Schwämme haben die freie Auswahl: Sie können sich sowohl geschlechtlich als auch ungeschlechtlich fortpflanzen. Im ersten Fall entwickeln sich einige Zellen zu Spermien, andere zu Eizellen. Die meisten Schwämme sind zunächst männlich und werden danach weiblich. Die Spermien werden ins Wasser entlassen, von einem anderen Schwamm eingespült und zu den in der Zwischenschicht des Leibesgefäßes liegenden Eizellen geschafft. Aus den befruchteten Eiern entwickeln sich bewimperte Larven, die das Muttertier über die Körperöffnungen verlassen und sich schon bald irgendwo festsetzen, um zu einem neuen Schwamm heranzuwachsen.

Bei der ungeschlechtlichen Fortpflanzung entstehen am Muttertier Knospen, die entweder dort verbleiben oder abfallen und vom Wasser weggetragen werden. Süßwasserschwämme müssen manchmal Trockenphasen überbrücken. Auch sie bilden Winterknospen aus, ein »Konzentrat« von Zellen, das in eine mit Skelettnadeln gepanzerte feste Hülle eingebettet ist.

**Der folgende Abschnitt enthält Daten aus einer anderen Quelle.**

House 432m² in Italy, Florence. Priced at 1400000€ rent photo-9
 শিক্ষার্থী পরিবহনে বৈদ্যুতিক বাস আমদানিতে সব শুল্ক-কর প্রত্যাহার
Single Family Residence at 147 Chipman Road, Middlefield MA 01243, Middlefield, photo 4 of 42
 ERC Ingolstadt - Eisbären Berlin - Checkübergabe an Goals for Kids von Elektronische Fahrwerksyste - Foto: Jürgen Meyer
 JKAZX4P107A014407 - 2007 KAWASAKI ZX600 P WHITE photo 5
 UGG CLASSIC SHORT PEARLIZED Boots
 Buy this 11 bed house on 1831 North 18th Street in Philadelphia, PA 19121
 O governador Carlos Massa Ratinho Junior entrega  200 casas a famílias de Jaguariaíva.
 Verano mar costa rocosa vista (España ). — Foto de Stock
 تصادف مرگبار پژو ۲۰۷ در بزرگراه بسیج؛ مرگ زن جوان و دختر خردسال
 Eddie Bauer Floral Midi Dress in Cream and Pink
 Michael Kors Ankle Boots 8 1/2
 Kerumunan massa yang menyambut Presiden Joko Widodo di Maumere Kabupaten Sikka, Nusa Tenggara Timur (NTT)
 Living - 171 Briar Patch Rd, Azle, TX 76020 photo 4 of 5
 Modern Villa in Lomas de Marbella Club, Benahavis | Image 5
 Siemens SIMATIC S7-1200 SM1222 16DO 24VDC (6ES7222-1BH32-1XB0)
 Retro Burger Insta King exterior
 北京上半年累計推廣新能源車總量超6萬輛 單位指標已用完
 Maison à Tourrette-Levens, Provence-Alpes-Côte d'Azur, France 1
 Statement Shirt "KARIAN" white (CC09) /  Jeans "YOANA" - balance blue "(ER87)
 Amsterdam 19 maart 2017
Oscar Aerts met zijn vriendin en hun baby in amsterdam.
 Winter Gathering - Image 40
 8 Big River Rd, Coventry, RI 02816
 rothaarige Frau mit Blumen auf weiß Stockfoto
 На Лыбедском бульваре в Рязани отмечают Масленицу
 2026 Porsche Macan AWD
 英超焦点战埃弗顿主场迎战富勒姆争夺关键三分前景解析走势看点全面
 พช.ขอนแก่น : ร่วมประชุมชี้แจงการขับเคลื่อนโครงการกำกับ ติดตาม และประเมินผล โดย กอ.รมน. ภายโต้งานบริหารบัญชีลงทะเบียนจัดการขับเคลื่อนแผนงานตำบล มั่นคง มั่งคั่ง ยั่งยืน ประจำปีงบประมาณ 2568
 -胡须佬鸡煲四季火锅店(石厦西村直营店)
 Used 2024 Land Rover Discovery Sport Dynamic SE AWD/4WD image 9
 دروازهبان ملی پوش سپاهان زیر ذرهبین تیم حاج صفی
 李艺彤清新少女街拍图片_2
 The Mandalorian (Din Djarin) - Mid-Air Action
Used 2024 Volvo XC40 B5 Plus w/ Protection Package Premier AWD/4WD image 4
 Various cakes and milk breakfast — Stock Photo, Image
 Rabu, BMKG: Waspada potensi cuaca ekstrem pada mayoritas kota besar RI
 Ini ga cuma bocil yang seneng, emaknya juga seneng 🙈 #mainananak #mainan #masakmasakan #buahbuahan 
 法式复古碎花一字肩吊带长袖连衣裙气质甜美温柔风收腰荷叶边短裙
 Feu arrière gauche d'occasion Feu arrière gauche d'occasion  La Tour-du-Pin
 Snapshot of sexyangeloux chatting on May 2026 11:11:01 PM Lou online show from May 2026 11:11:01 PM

Bessern sich die äußeren Verhältnisse, verlassen die Zellen die Knospe und beginnen, einen neuen Schwamm aufzubauen.

Ist jeder Schwamm ein Badeschwamm?

Nein. Nur Schwämme aus der Familie Spongidae sind weich und schmiegsam, da sie kein Skelett aus Kieselsäure- oder Kalknadeln besitzen, sondern eines aus Sponginfasern. Was als Naturbadeschwamm in den Handel kommt, ist dieses Sponginskelett. Um es freizulegen, entfernt man die äußere Haut und spült in mehreren Arbeitsgängen das Schwammskelett durch. Es wird danach getrocknet, gebleicht und in marktfähige Stücke geschnitten. Erst dann besitzt es seine charakteristische gelbbraune Farbe, denn lebende Schwämme sind dunkelbraun bis schwarz. Kommerziell genutzt werden vor allem der Dalmatiner Schwamm, der Feine Levantiner und das Elefantenohr.

Wussten Sie, dass …

Schwämme nicht die einzigen sessilen, also auf einer Unterlage fest verwachsenen Tiere sind? Beispielsweise haben auch Seelilien, Seeanemonen und Manteltiere eine solcherart bodenständige Lebensweise.

die Manteltiere zur entfernten Verwandtschaft der Wirbeltiere zählen? Ihre frei schwimmenden Larven besitzen eine Chorda, eine Vorform unserer Wirbelsäule.

die größten Schwämme über drei Meter groß werden, die kleinsten dagegen nur wenige Millimeter?

der Name der Comicfigur »Spongebob« auf den wissenschaftlichen Namen der Badeschwämme, Spongidae, zurückgeht?

Wie viel Feuchtigkeit nimmt ein Schwamm auf?

Bis zum 30-fachen seines eigenen Gewichts. Das gelingt den Schwämmen, weil sie eine riesige innere Oberfläche besitzen: 25 bis 30 Quadratmeter sind bei einem Badeschwamm von wenigen Gramm Gewicht keine Seltenheit.